人間っていうのはどうしてこんなくだらない雑学ばかり頭に残って、本当に必要なことは忘れてしまうのだろうか。暑さで頭が沸騰しそうだ。日本の夏はどうしてこんなに蒸し暑いんだろう。

「湿度が高いからだよ。日本は温暖湿潤気候だって先生が言ってただろう?」
「なにそれ……ってなんで私の考えてることがわかったの」
「声に出てたぞ」
「うっそだあ」

なんかそれ、地理の時間に習った気がするなあ。でもぜんぜん覚えてない。そして目の前の因数分解を解くための公式も初耳かってくらい頭に残っていない。これはお先真っ暗だ。私はこの学園を卒業しても就活の厳しさに打ちのめされてフリーターになってニートになってお母さんに追い出されていずれホームレスになってその年の冬に凍死するのだ。こんな惨めなことは無いだろう。あーいやだいやだ。

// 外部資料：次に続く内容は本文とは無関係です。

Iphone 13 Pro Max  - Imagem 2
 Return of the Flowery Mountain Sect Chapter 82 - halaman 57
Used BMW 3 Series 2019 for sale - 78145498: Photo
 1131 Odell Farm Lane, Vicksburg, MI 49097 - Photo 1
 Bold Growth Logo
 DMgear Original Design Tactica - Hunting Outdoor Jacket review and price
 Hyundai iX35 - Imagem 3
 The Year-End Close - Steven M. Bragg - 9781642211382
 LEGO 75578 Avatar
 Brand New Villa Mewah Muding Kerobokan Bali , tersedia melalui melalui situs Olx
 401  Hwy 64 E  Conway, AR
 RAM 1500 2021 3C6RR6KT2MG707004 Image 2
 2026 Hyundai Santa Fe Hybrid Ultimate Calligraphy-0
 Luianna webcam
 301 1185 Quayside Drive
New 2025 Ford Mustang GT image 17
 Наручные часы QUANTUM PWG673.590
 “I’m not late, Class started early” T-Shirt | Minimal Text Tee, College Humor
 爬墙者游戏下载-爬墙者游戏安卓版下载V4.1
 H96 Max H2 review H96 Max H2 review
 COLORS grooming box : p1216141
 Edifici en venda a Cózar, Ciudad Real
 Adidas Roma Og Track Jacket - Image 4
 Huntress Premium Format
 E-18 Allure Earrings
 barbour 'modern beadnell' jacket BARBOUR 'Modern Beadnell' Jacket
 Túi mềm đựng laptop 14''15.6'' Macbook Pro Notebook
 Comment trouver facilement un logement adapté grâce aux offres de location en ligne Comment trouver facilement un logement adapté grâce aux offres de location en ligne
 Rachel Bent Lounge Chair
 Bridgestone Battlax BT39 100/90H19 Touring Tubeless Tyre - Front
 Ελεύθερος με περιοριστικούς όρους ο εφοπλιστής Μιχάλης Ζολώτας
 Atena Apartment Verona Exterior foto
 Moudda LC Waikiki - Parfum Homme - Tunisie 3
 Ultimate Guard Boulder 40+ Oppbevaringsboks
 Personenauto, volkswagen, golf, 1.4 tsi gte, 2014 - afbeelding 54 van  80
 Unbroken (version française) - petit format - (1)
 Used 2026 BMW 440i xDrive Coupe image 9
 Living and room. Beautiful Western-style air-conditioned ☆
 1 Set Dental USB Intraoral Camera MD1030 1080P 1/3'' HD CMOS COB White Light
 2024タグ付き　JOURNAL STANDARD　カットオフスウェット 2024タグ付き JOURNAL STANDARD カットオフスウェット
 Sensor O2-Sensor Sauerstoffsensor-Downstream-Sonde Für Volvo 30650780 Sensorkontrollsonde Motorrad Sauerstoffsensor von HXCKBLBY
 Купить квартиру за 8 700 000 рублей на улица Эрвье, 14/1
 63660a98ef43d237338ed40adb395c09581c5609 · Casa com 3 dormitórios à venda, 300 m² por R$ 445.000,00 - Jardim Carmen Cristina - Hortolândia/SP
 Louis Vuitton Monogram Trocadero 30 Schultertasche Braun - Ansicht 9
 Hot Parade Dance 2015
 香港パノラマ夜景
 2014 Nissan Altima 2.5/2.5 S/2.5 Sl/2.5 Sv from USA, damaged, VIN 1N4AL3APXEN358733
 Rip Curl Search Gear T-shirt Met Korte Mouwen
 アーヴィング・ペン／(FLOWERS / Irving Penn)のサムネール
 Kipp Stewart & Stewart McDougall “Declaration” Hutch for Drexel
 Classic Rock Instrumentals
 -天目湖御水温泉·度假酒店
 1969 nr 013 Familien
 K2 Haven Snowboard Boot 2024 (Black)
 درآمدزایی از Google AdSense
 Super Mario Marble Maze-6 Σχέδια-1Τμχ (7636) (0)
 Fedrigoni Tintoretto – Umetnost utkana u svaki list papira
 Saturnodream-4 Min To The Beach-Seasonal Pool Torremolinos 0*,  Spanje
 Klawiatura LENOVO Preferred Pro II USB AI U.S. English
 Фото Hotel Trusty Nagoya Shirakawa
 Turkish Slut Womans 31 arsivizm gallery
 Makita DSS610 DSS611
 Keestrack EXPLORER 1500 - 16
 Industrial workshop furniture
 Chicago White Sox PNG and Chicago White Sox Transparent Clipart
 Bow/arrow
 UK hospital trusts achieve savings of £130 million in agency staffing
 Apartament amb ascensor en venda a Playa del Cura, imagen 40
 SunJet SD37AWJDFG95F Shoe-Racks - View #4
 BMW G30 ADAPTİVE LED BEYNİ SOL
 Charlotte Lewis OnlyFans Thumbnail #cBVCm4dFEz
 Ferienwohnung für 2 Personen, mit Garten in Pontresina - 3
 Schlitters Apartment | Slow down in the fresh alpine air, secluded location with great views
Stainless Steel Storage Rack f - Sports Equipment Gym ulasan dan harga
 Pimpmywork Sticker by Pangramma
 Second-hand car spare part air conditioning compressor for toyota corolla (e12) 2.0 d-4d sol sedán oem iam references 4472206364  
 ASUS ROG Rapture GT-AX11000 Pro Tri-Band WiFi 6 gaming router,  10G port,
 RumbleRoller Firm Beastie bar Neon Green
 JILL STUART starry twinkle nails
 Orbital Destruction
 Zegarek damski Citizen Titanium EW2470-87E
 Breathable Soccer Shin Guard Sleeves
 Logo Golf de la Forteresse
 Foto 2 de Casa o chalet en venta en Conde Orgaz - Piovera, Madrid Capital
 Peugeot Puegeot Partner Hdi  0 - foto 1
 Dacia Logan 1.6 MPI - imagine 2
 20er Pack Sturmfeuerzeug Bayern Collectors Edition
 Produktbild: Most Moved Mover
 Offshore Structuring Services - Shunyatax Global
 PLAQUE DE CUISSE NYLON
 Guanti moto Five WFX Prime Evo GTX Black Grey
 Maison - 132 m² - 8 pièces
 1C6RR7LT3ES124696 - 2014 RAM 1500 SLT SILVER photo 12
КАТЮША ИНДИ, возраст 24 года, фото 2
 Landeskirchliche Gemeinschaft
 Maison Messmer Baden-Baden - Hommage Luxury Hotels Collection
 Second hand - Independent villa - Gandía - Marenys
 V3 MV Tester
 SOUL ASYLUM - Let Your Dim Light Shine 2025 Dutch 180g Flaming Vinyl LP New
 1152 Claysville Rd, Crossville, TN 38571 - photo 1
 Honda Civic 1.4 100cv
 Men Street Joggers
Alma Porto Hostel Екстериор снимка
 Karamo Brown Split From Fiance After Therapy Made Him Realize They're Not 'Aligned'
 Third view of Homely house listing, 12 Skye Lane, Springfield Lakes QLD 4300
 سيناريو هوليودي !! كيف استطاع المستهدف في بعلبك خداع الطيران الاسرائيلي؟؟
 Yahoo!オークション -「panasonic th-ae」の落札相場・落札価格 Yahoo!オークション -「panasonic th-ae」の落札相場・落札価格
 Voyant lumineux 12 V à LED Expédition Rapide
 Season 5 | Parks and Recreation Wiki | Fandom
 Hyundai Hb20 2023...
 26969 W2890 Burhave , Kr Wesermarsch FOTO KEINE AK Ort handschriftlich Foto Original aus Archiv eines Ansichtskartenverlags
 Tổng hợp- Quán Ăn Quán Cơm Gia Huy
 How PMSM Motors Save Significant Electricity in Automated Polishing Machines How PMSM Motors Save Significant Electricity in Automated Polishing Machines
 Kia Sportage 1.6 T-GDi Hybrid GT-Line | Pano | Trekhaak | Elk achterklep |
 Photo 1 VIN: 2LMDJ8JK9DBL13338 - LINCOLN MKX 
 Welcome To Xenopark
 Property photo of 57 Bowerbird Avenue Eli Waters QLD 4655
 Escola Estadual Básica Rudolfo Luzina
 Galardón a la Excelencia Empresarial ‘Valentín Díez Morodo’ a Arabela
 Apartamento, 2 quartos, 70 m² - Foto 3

「炭治郎が変な事言うからなまえちゃんの音がヘンになった!」
「いきなりなんだ善逸」
「お前のせいだよ! なまえちゃんの音は世界一心地良いのに!」
「落ち着け、さっきまで大人しくしてただろう」


私と炭治郎が駄弁って、伊之助が扇風機の前でその綺麗な髪を靡かせている間、大人しく勉強していたはずの善逸は先程とは打って変わって騒ぎ出した。善逸は耳が良い。音が心地良いなんて初めて言われた。いつもは禰豆子ちゃんにぞっこんなのに。そんなんだから禰豆子ちゃんに告白する許可すら炭治郎に貰えないんだよ。でもちゃんと許可をとろうと頑張ってるあたりは、ちょっとだけかっこいいと思う。いつもはただのヘタレだけど。


「平和だねえ」
「まあな」
「独り言に返事をしてくれるくらい伊之助って優しかったんだね」
「はっ倒すぞてめえ」


そう言っても伊之助は扇風機の前から動こうとはしなかった。学校にいるときはありえないくらい元気なのに。さすがの伊之助も暑さにやられているのだろう。彼は夏は大人しいけれど、冬はいつにも増して騒がしい。同じ空間にいるだけで体がぽかぽかしてくる……というのは有難いのだが、冬は顔が寒いのか猪の被り物をして学校に来るのだ。獣臭いから、多分本物の猪の頭……だと思う。せっかくの綺麗な顔なのに、とても勿体ないと冬が来る度に思うのだ。

「冬のこと考えたら寒くなってきた」
「そんなわけねえだろ」
「気持ちがだよ! 心霊番組見たときみたいな」


そう言うと伊之助は一瞬ぴくりと体を小さく跳ねさせた。

「お前冬が怖いのかよ」
「え? どゆこと?」
「霊とかを見て涼しくなるのは怖くて寒気がするからだろ。んで、冬の事を考えたときも寒気がするんだろ」
「……まあ」
「じゃあ冬のことを考えるのが怖い、つまり冬が怖いってことだ」
「証明問題ですかねえ」



伊之助は私のことをしばらくじっと観察するように見つめていたが、やがて呆れたようにため息をついて、扇風機の前から立ち上がった。というか、冬が怖いってどういうことだろう。

「前世で凍死でもしたんじゃねえのか」
「なんでいきなりそんな怖いこと言うの!」
「お前が悪いんだよ」
「なんで!?」


私はこんなに必死なのに、伊之助は俯いてぷるぷると震えている。きっと私をからかって面白がっているに違いない。


「お前が悪いんだよ」


ちょっとだけ声が震えているような。いやそんなわけは無い。二回も言ってくるなんて、伊之助も意地悪だ。